Image-text web data
----------------

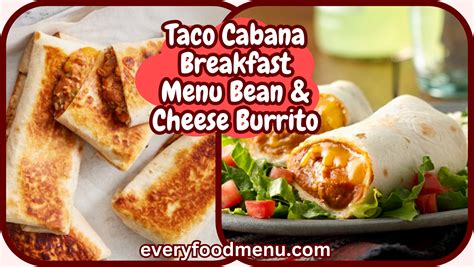 Taco Cabana Breakfast Menu (2024)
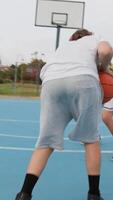 Attack and Defense Exercise in the Basketball Court Before the Game video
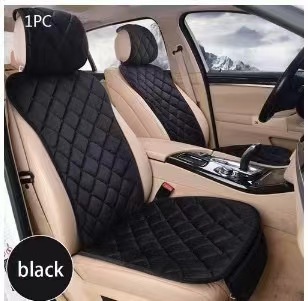 Winter Plush Car Seat Cushion Three-Piece Set, Thickened, Warm, Non-Slip, Without Backrest, Single-Piece Seat Cushion, Universal Model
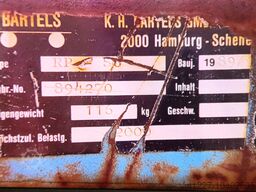 Bartels 2500/1250/H345 mm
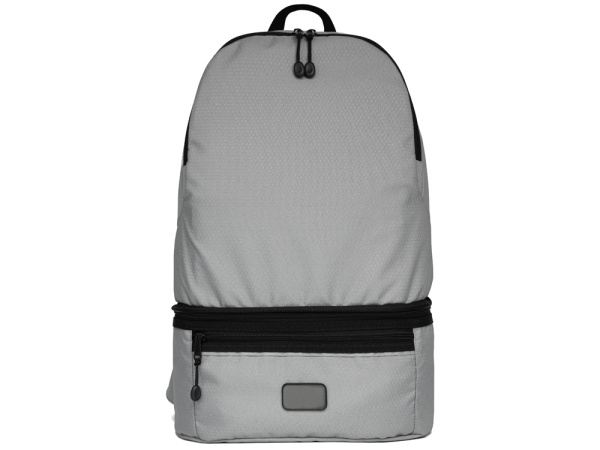 Рюкзак-трансформер 2-в-1 «Athletica» водостойкий с поясной сумкой из переработанного пластика , Цвет серый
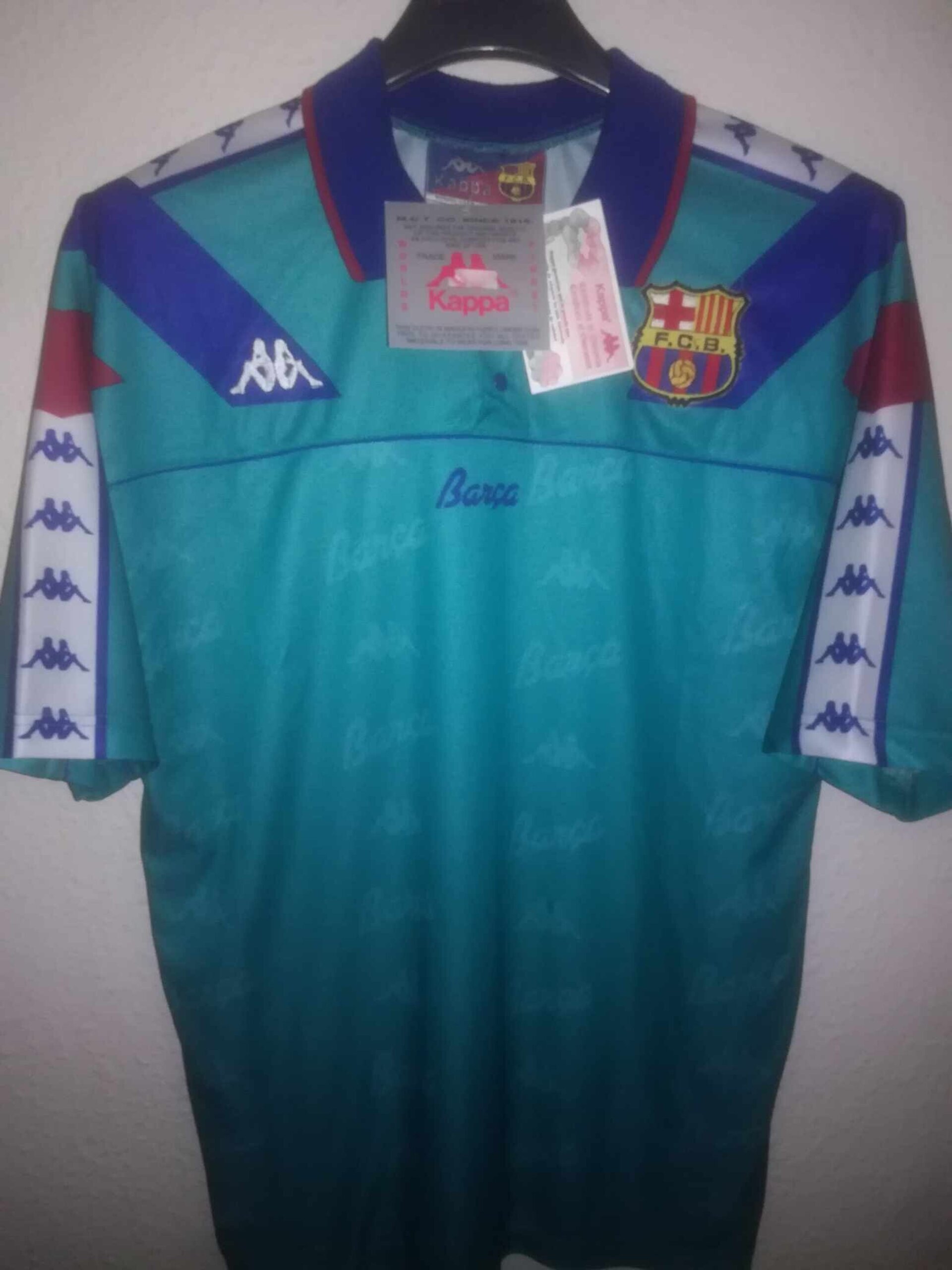FC BARCELONA 1993-1994 away BNWT S - 1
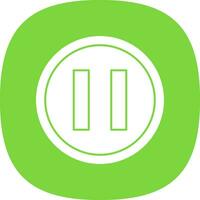 Pause Vector Icon Design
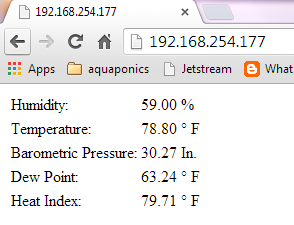 The Super Simple Arduino Weather Web Server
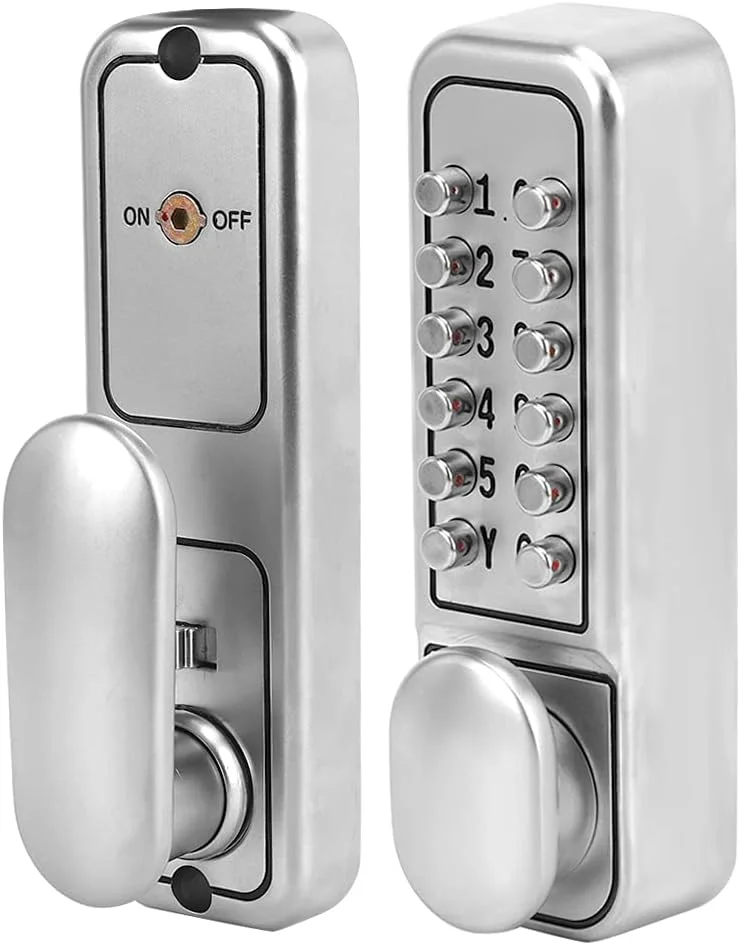 قفل درب بدون کلید، قفل درب مکانیکی ضد آب با دستگیره، مجموعه قفل های درب ترکیبی دیجیتال برای هتل، آپارتمان و دفتر قفل درب بدون کلید، قفل درب مکانیکی ضد آب با دستگیره، مجموعه قفل های درب ترکیبی دیجیتال برای هتل، آپارتمان و دفتر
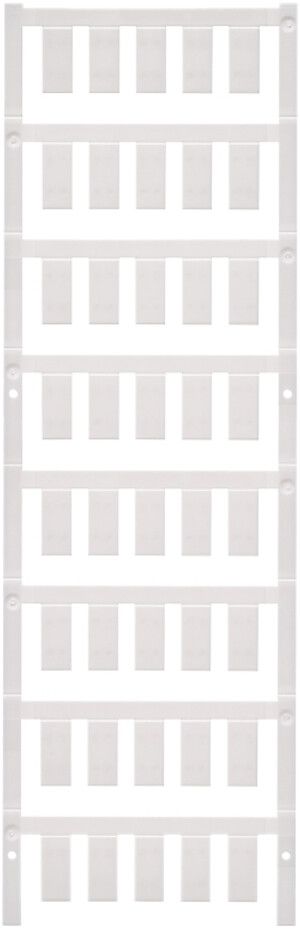Marqueur d'appareil Weidmüller MultiCard ESG enfichable 17×8mm PA66 blanc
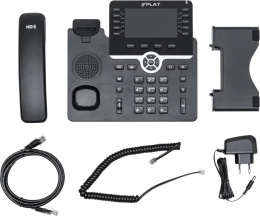 Телефон IP Флат Flat-Phone-B10 черный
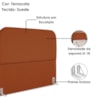 Cabeceira Casal 140 cmm Com Frame Alana Suede Terracota Artte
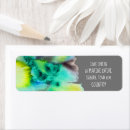 Search for turquoise marble return address labels Watercolor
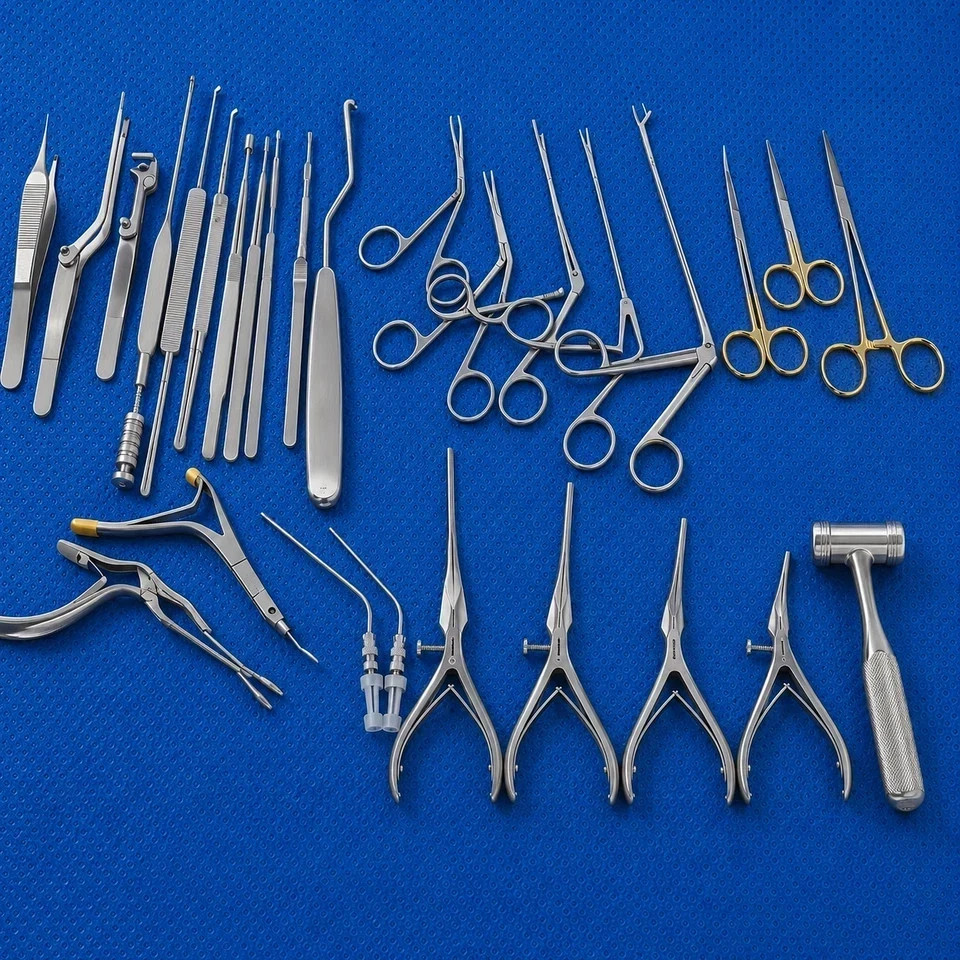 28 Pcs Septoplasty Surgery Instruments Set ENT Surgical Instruments Stainless
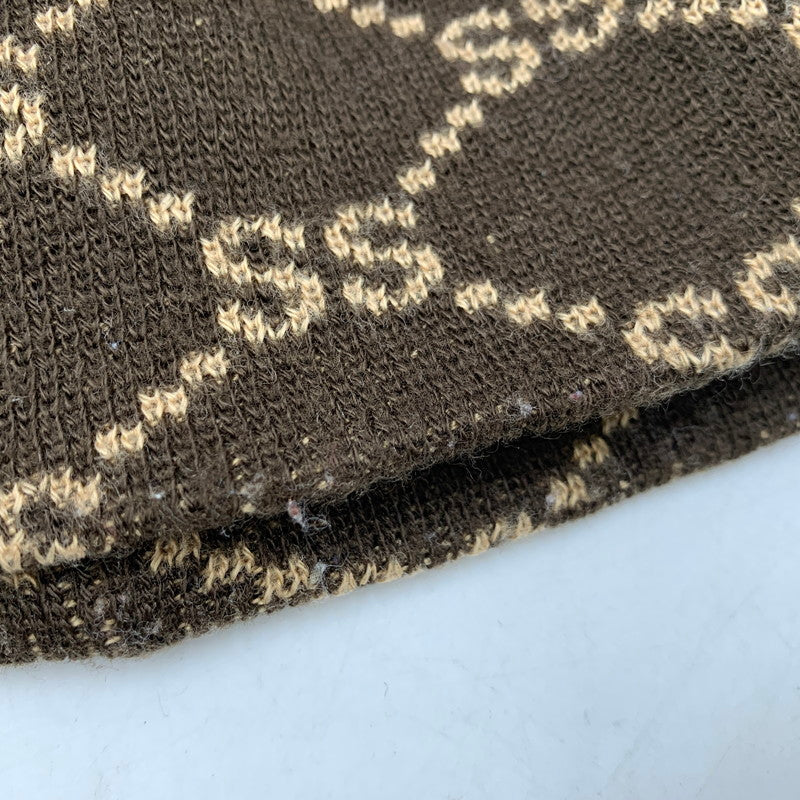 【中古品】【メンズ/レディース】 OLD STUSSY オールド ステューシー 紺タグ 90’S SS LINK BEANIE エスエス リンク ビーニー 帽子 185-260309-cs-11-izu サイズ：F カラー：ブラウン 万代Net店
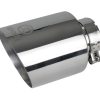 aFe Takeda Universal Exhaust Tip 2-1/2 IN Inlet x 4-1/2 IN Outlet x 7 IN L- Polished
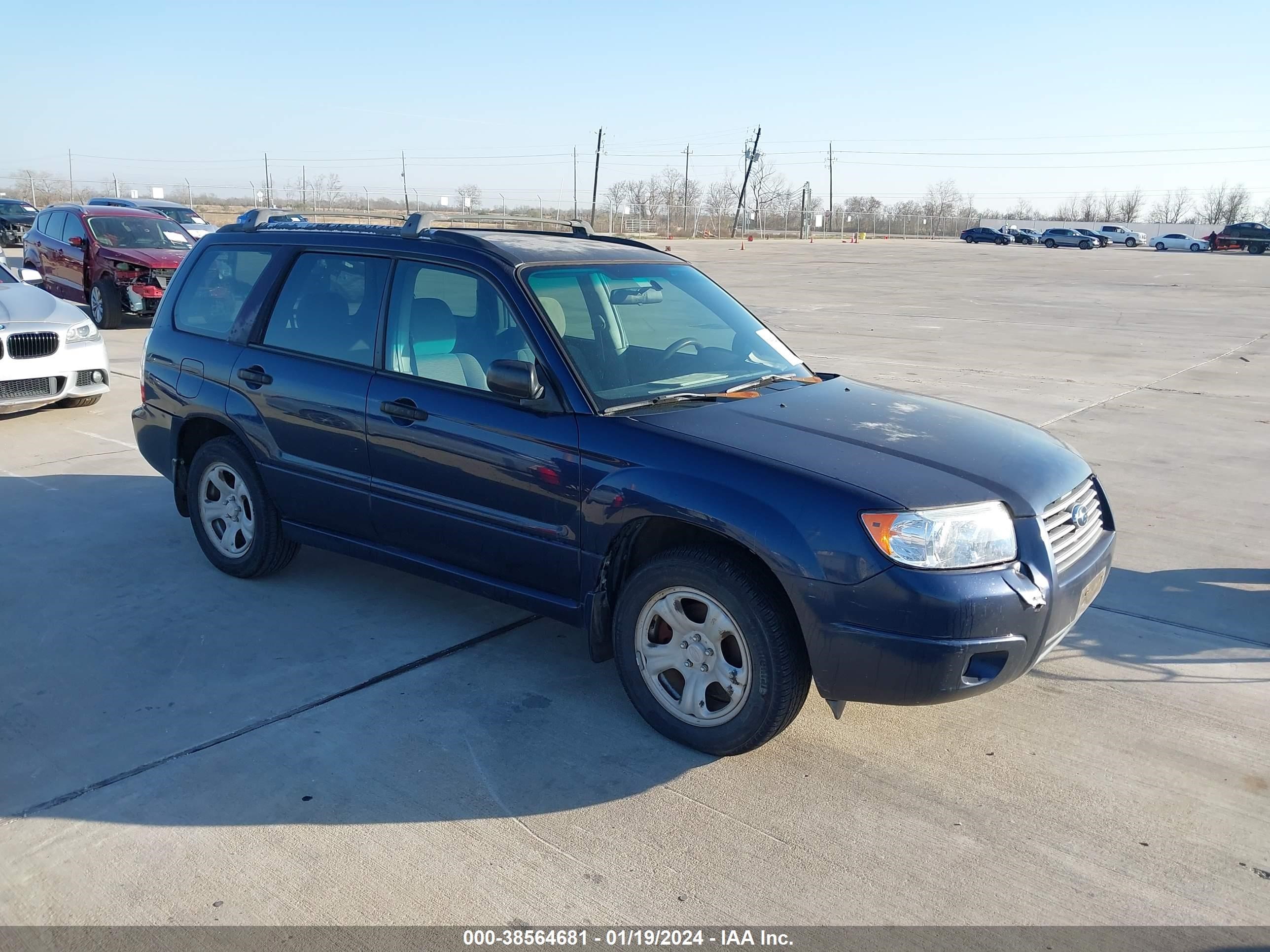 subaru forester 2006 jf1sg63676g701115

----------------

» **ASSIGNED TASK**
Please copy, exactly as written, the lines from the one that contains "The Super Simple Arduino Weather Web Server" through the end of the records, both ends included. Do not include the pictures.

» **ANSWER SECTION**
 The Super Simple Arduino Weather Web Server
 قفل درب بدون کلید، قفل درب مکانیکی ضد آب با دستگیره، مجموعه قفل های درب ترکیبی دیجیتال برای هتل، آپارتمان و دفتر قفل درب بدون کلید، قفل درب مکانیکی ضد آب با دستگیره، مجموعه قفل های درب ترکیبی دیجیتال برای هتل، آپارتمان و دفتر
Marqueur d'appareil Weidmüller MultiCard ESG enfichable 17×8mm PA66 blanc
 Телефон IP Флат Flat-Phone-B10 черный
 Cabeceira Casal 140 cmm Com Frame Alana Suede Terracota Artte
 Search for turquoise marble return address labels Watercolor
 28 Pcs Septoplasty Surgery Instruments Set ENT Surgical Instruments Stainless
 【中古品】【メンズ/レディース】 OLD STUSSY オールド ステューシー 紺タグ 90’S SS LINK BEANIE エスエス リンク ビーニー 帽子 185-260309-cs-11-izu サイズ：F カラー：ブラウン 万代Net店
 aFe Takeda Universal Exhaust Tip 2-1/2 IN Inlet x 4-1/2 IN Outlet x 7 IN L- Polished
 subaru forester 2006 jf1sg63676g701115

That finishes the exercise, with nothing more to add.